YOUR INSTRUCTIONS – Without any pictures, reproduce exactly the lines running from the line containing "Juguete para Perro" through the end of the entries.

MATERIAL FOR THE TASK –
● ● ● ● ● ● ●
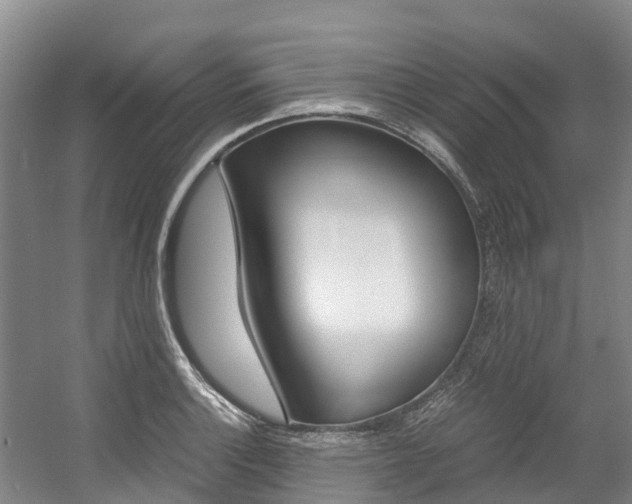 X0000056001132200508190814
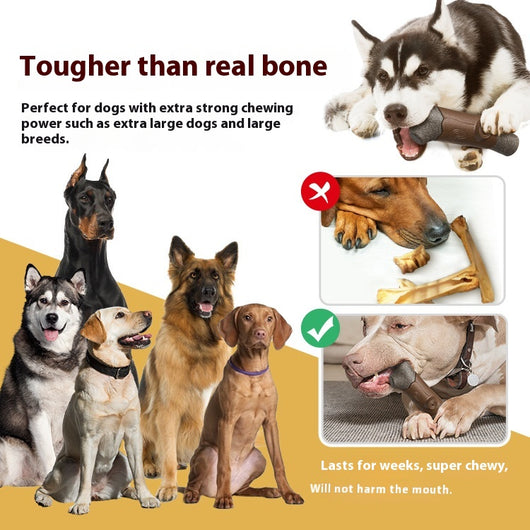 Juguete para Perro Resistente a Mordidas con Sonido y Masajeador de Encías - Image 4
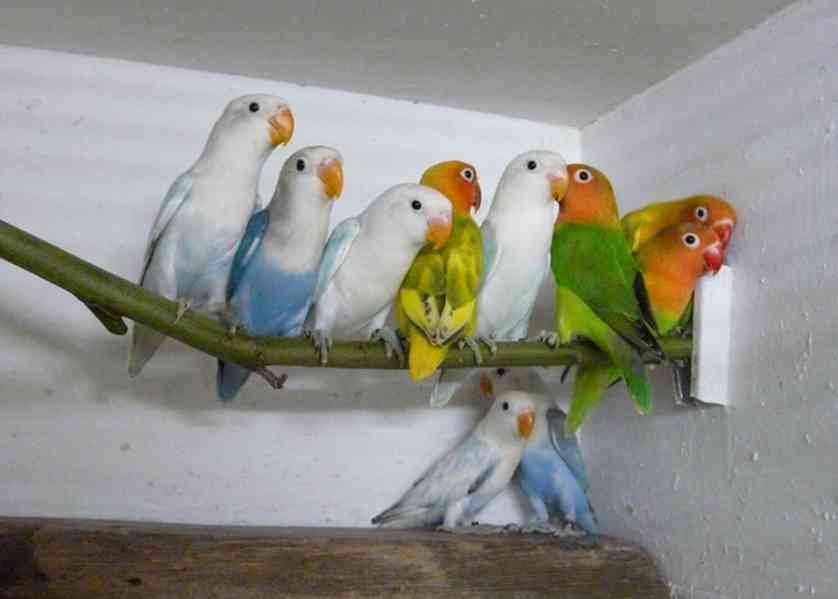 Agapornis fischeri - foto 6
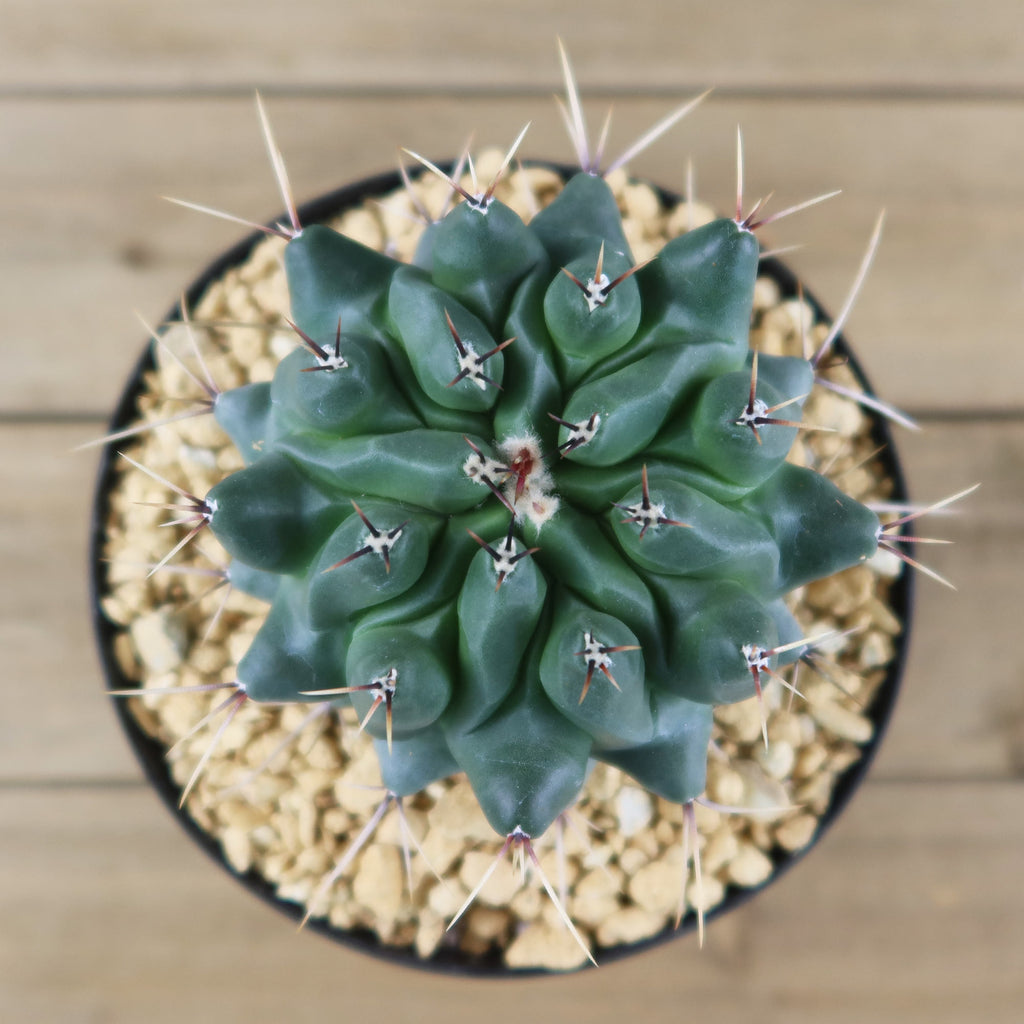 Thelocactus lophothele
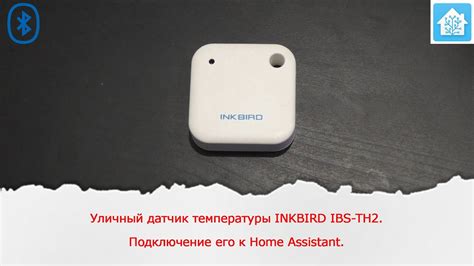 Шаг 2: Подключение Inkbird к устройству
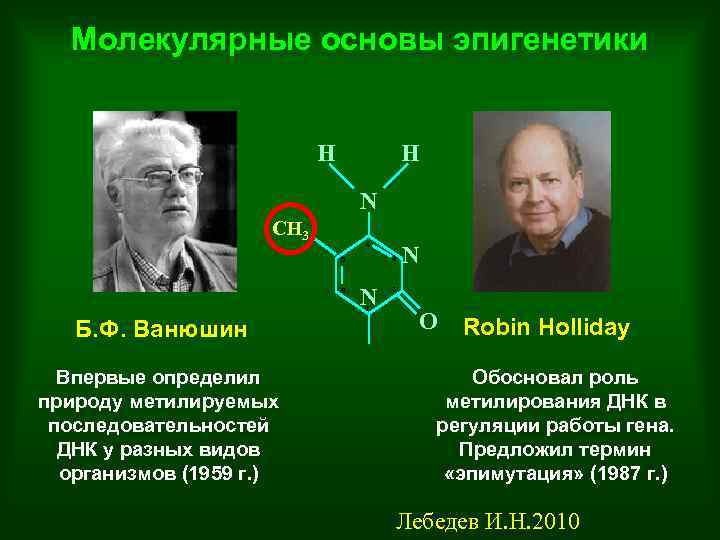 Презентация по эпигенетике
● ● ● ● ● ● ●
TASK OUTPUT –
 Juguete para Perro Resistente a Mordidas con Sonido y Masajeador de Encías - Image 4
 Agapornis fischeri - foto 6
 Thelocactus lophothele
 Шаг 2: Подключение Inkbird к устройству
 Презентация по эпигенетике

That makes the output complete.